## INPUT DATA

____

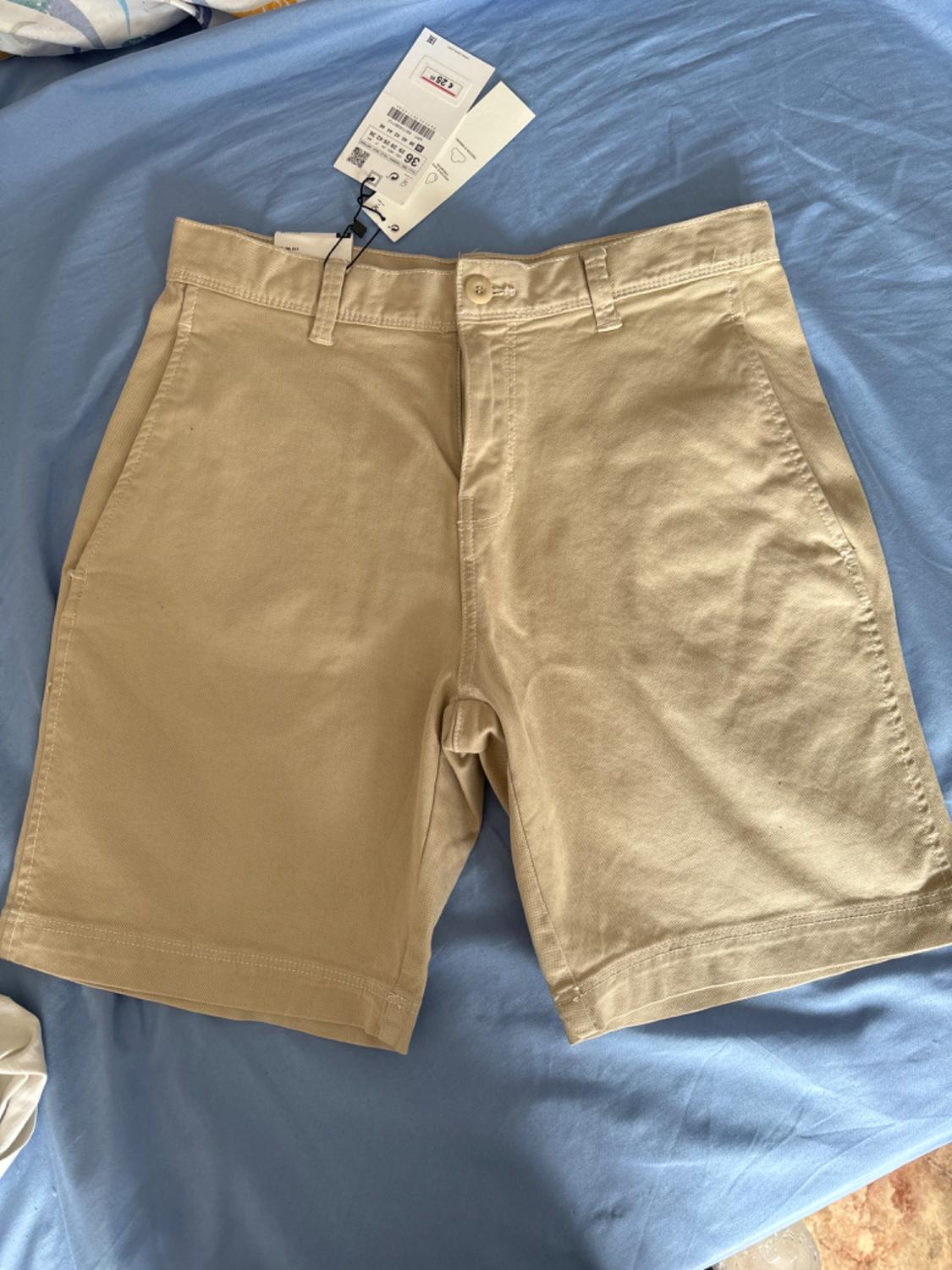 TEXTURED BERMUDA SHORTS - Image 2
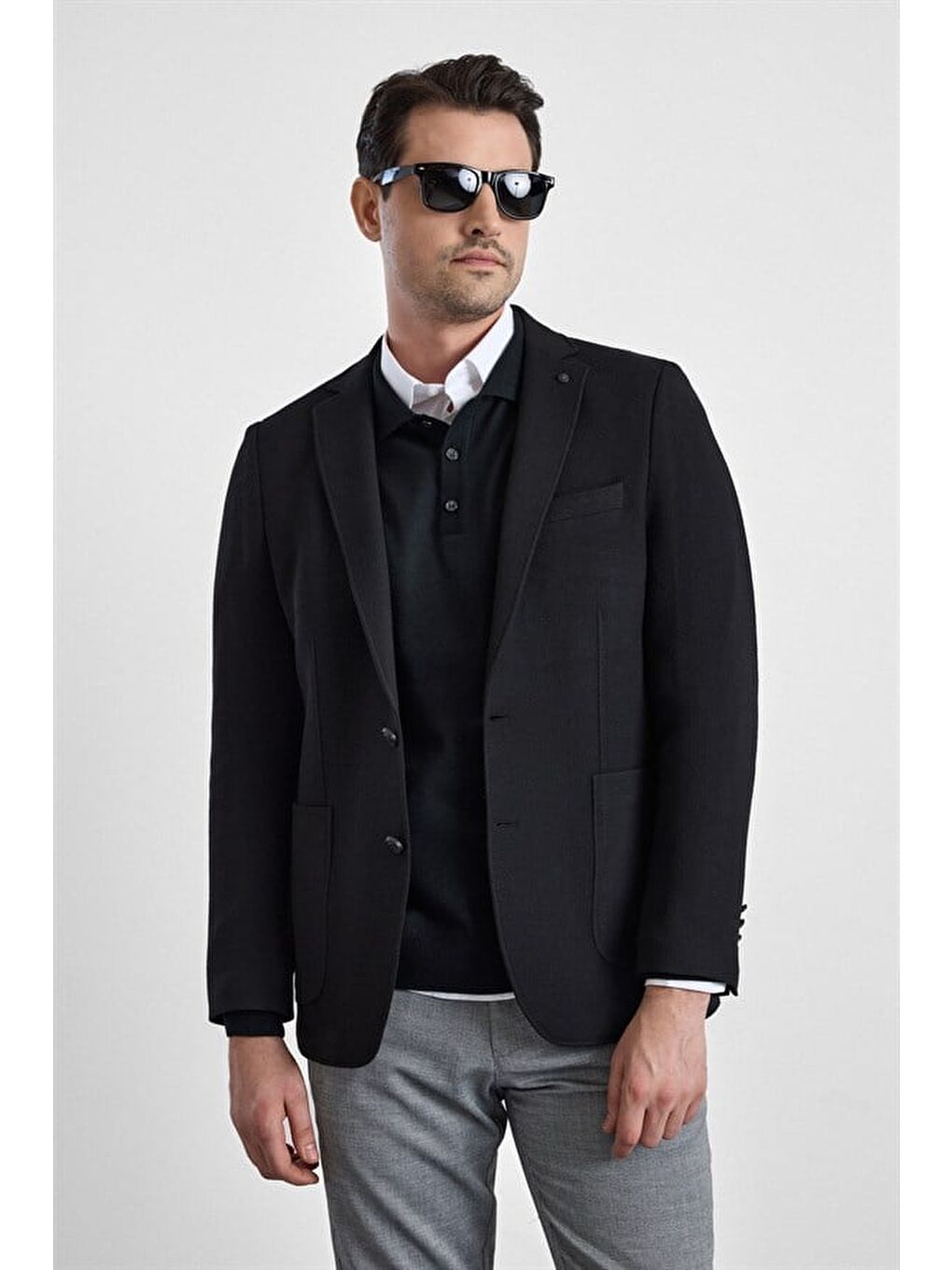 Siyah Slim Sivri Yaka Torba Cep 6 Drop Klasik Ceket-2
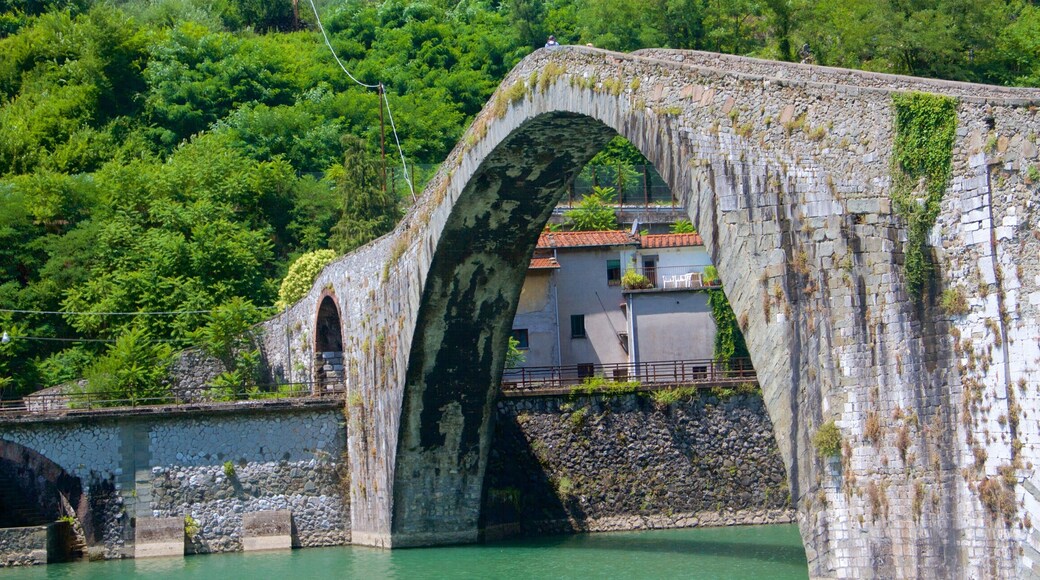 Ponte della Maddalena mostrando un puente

____

Could you repeat all of the data exactly, minus the pictures?

## RESULT OF THE TASK
 TEXTURED BERMUDA SHORTS - Image 2
 Siyah Slim Sivri Yaka Torba Cep 6 Drop Klasik Ceket-2
 Ponte della Maddalena mostrando un puente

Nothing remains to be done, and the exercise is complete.